Iklan

Dilema Pemilih dalam Memilih

narran
Kamis, 30 November 2023 | November 30, 2023 WIB Last Updated 2023-11-30T05:10:30Z
opini , pemilu
Sumber: Detik.com
NARRAN.ID, OPINI - Kebutaan arah ditengah masyarakat selalu dirasakan oleh siapapun dalam memilih pemimpin yang diinginkan. Tontonan yang sangat menarik terlihat secara langsung dalam penataan negara dan wilayah untuk masyarakat. Selayan pandang diatas sepertinya menjadi gerbang untuk menarik pemahaman kita semua bahwasanya kalimat “dari rakyat, oleh rakyat, dan untuk rakyat” hanya keluar ketika masa pencalonan pemimpin ingin berlangsung di negara kita. Rasa penasaran dan keingintahuan kita tentang sebenarnya bagaimana cara menyusun konsep dasar sosial masyarakat dari para pemimpin kita semua.

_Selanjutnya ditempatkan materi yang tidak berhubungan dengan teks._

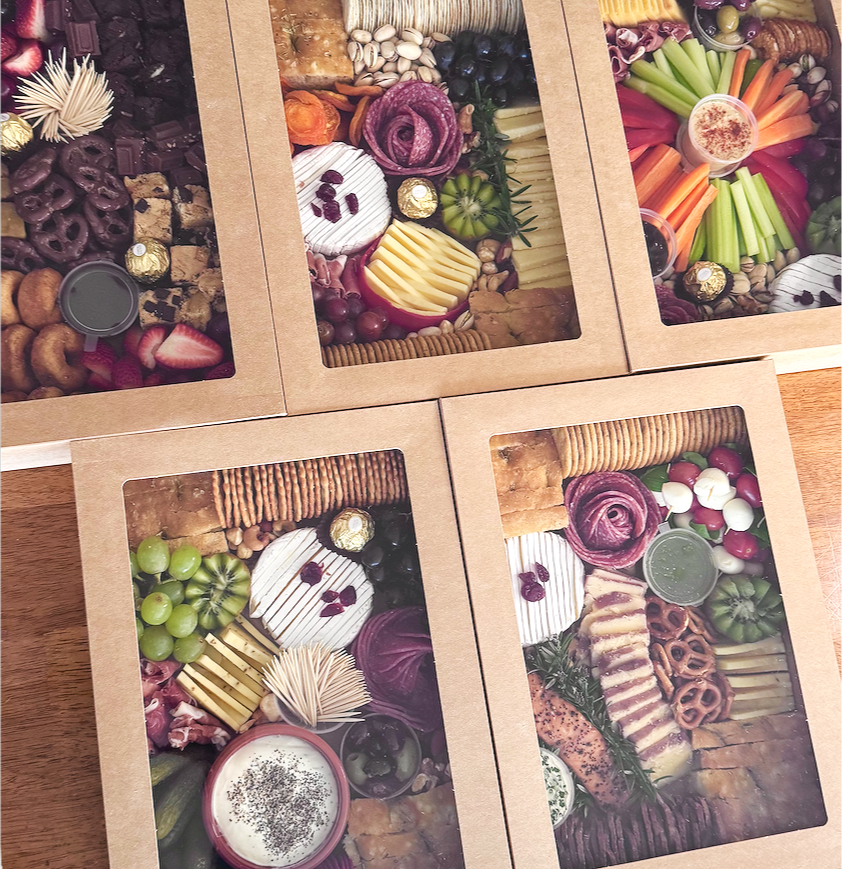 Assorted snack platter featuring cheeses, strawberries, blueberries, raspberries, chocolate wrapped candies, crackers, olives, sliced vegetables, dips, and assorted meats.
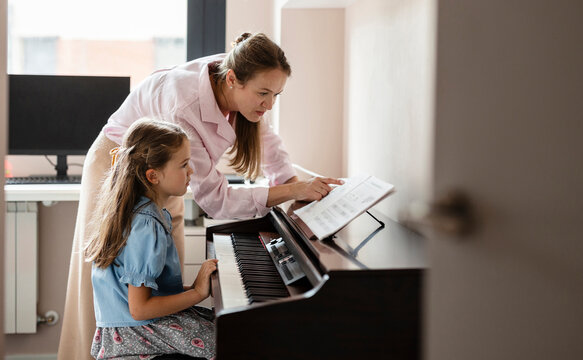 Woman teaching young girl playing piano music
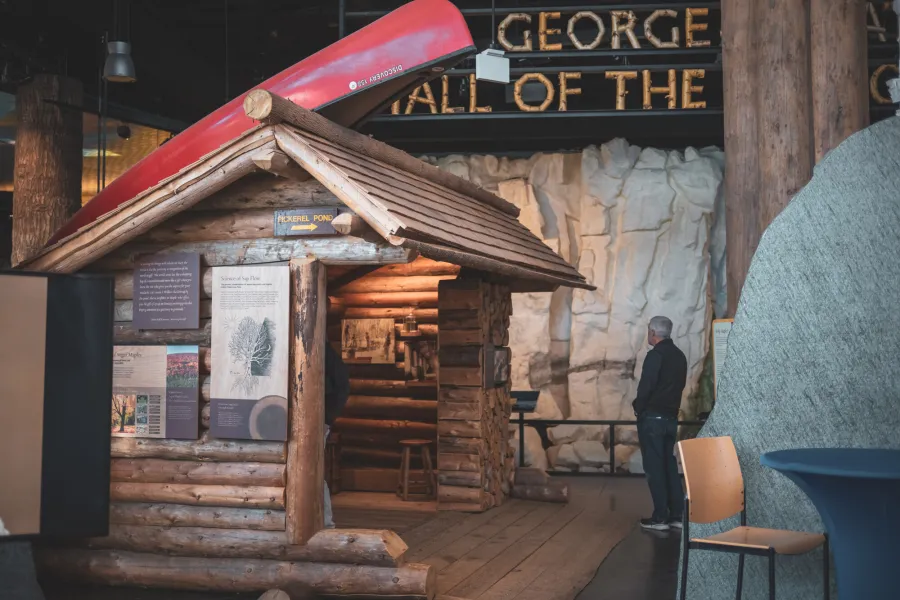 Someone in a museum exhibit with a wooden lean-to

Kritik dan saran yang dianggap sebagai cacian dan hinaan tidak akan terlontarkan untuk para pemimpin kita jika bisa membenahi masalah sosial dalam tatanan masyarakat. Modal sosial yang ditanamkan dan menjadi bekal pada sosok pemimpin kita seperti, Presiden, Gubernur, Bupati, DPR, dan sebagainya tanpa harus diberikan pemahan terkait sosial masyarakat, mereka sudah faham dari modal yang mereka punya. Dalam sistem perwakilan, demokrasi juga menuntut adanya pertanggung jawaban dari para wakil, jika memang tuntutan yang disusun oleh masyarakat terealisasi seyogyanya sistem demokrasi yang kita fahami bersama bisa saja menjadi falsafah kebahagiaan dalam hidup bernegara. Masyarakat akan bahagia jika para pemimpinnya pun bisa berbagi kebahagiaan dengan kita semua, dan sebaliknya pula, pemimpin akan bahagia jika masyarakatnya pun bahagia.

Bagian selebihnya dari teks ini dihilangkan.